WHAT IS BEING ASKED - Return the lines of the material below exactly, beginning with the line that has "Exterior photo of" in it and finishing with the line that has "Italiensk model elsker" in it. Leave all pictures aside.

EXTRACTED ENTRIES -
-- -- --

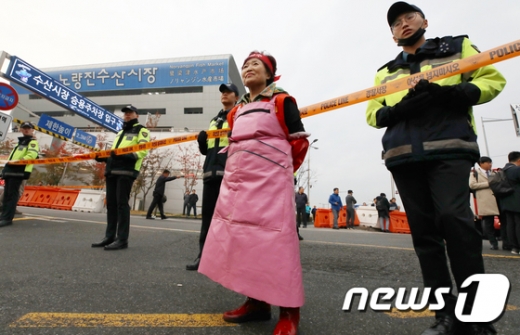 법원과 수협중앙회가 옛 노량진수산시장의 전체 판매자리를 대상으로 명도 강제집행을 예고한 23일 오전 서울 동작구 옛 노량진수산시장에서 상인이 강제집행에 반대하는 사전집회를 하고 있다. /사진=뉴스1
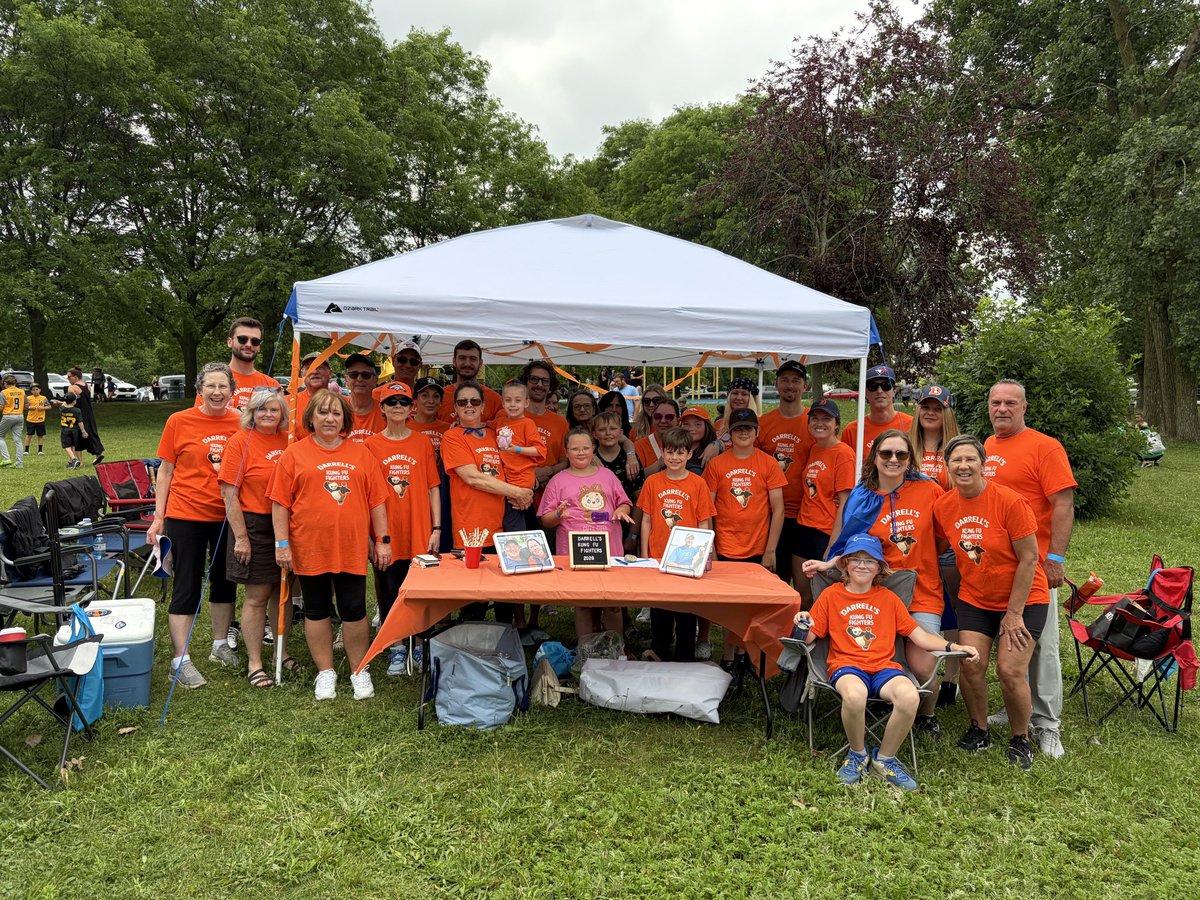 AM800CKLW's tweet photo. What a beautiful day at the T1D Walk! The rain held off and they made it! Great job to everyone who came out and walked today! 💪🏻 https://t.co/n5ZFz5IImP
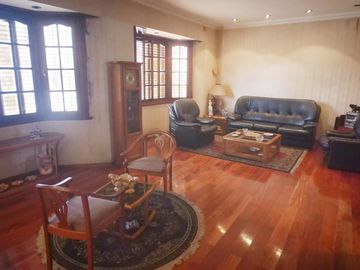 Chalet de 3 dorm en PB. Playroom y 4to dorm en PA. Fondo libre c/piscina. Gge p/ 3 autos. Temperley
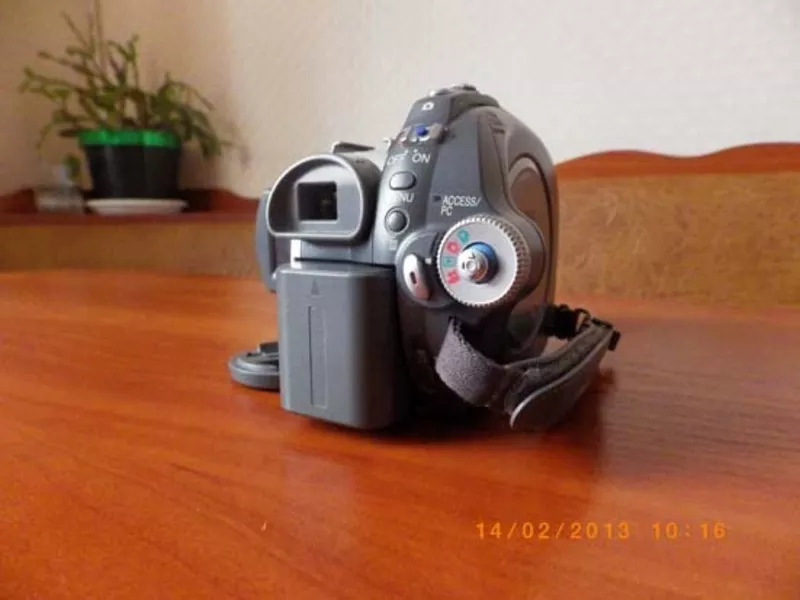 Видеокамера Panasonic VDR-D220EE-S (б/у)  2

-- -- --

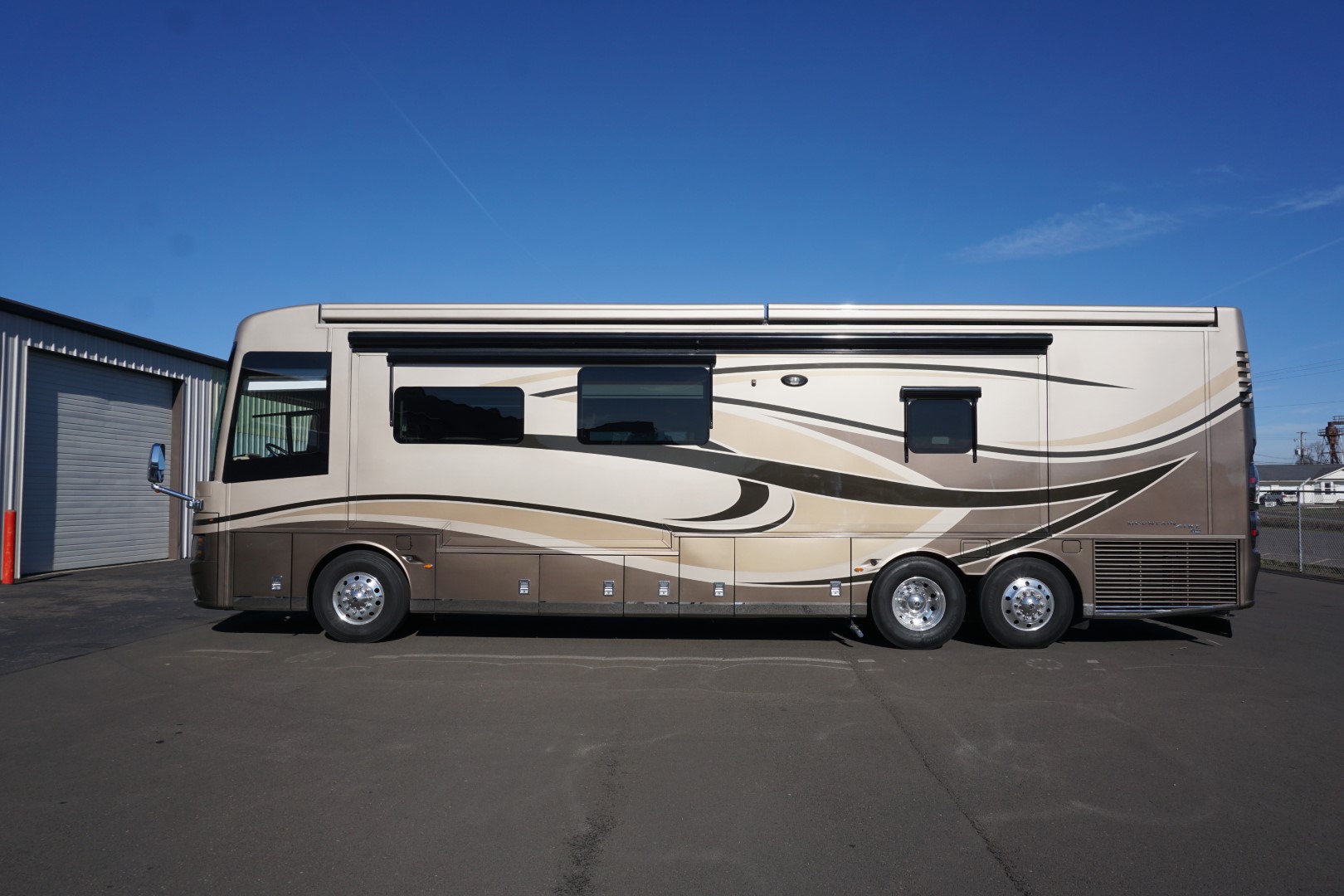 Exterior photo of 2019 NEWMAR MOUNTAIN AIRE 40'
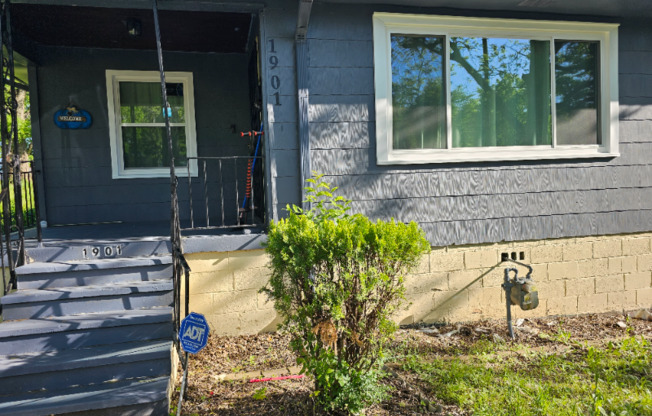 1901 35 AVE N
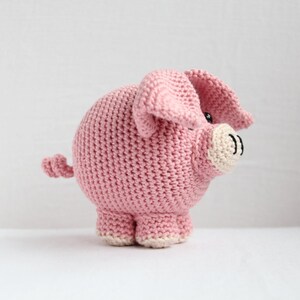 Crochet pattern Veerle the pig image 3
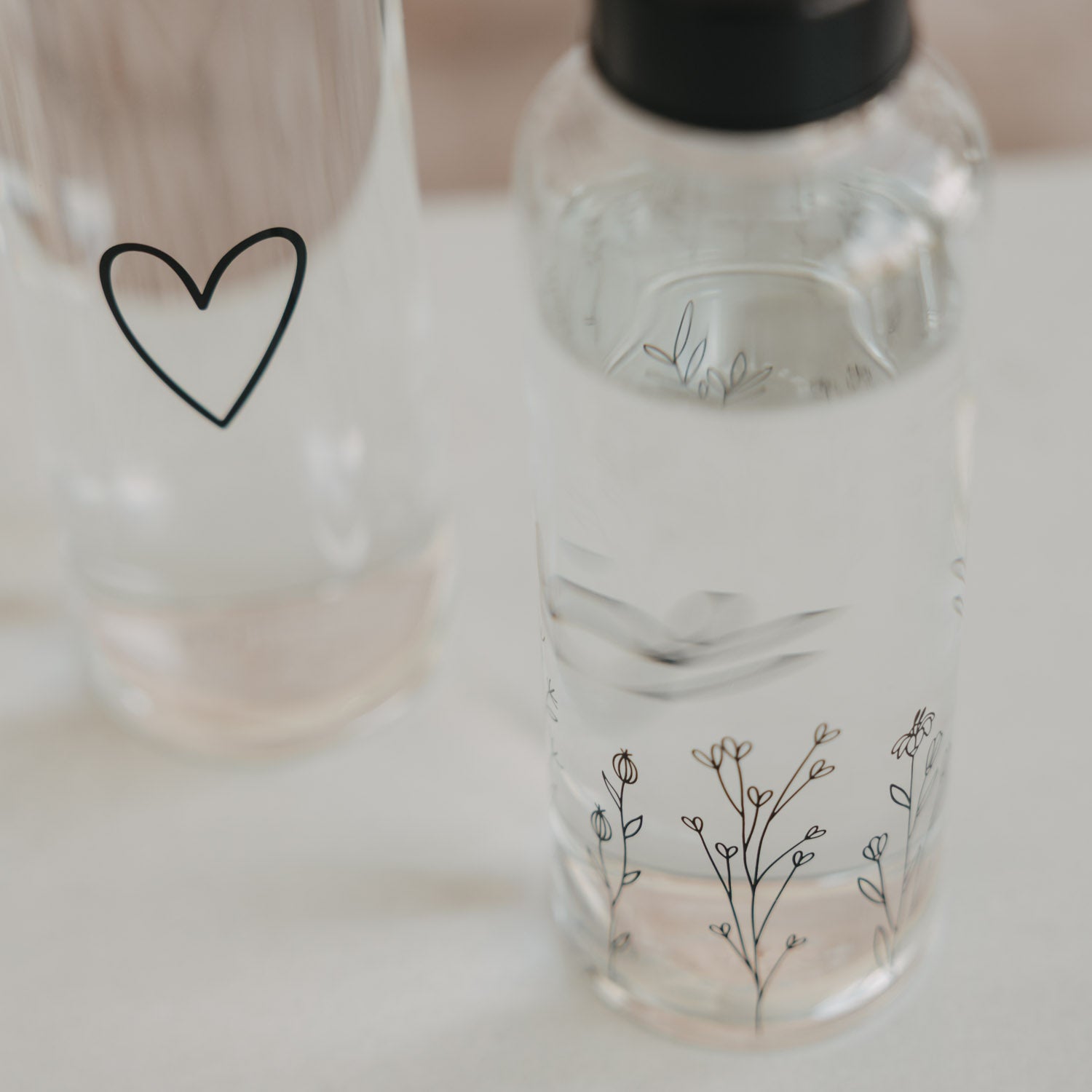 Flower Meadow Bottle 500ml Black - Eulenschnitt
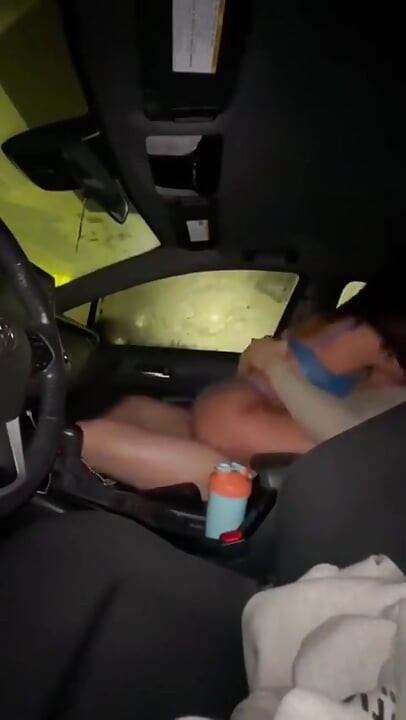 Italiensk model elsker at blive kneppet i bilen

-- -- --

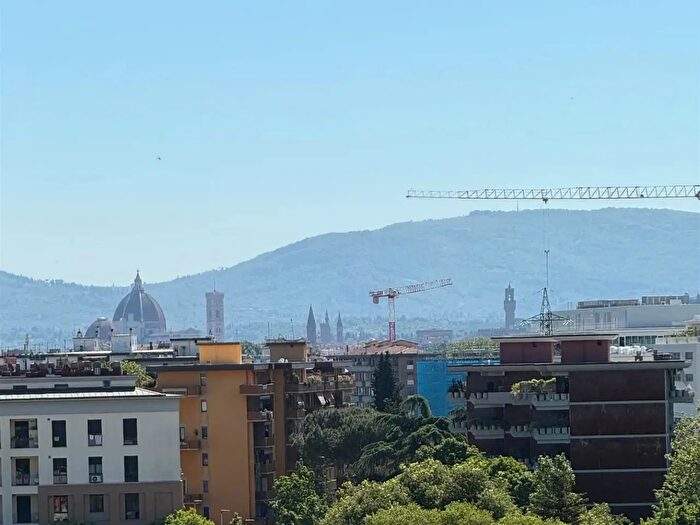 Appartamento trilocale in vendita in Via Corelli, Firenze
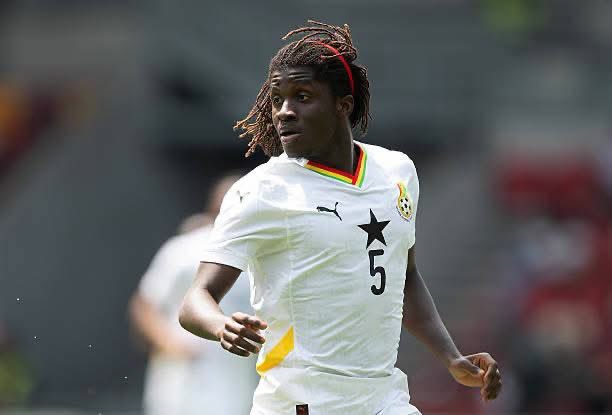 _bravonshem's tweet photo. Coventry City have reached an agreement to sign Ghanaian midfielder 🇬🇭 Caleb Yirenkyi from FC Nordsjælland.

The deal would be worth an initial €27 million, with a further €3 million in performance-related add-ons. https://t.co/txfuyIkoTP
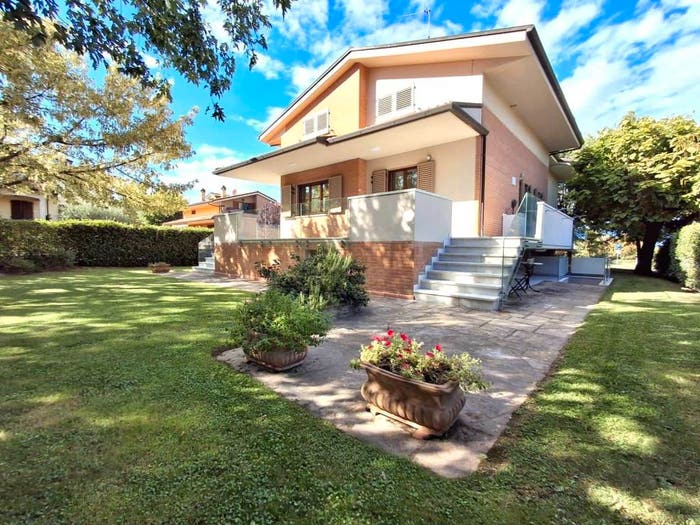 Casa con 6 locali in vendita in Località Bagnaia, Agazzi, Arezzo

-- -- --

PROBLEM SOLUTION -
 Exterior photo of 2019 NEWMAR MOUNTAIN AIRE 40'
 1901 35 AVE N
 Crochet pattern Veerle the pig image 3
 Flower Meadow Bottle 500ml Black - Eulenschnitt
 Italiensk model elsker at blive kneppet i bilen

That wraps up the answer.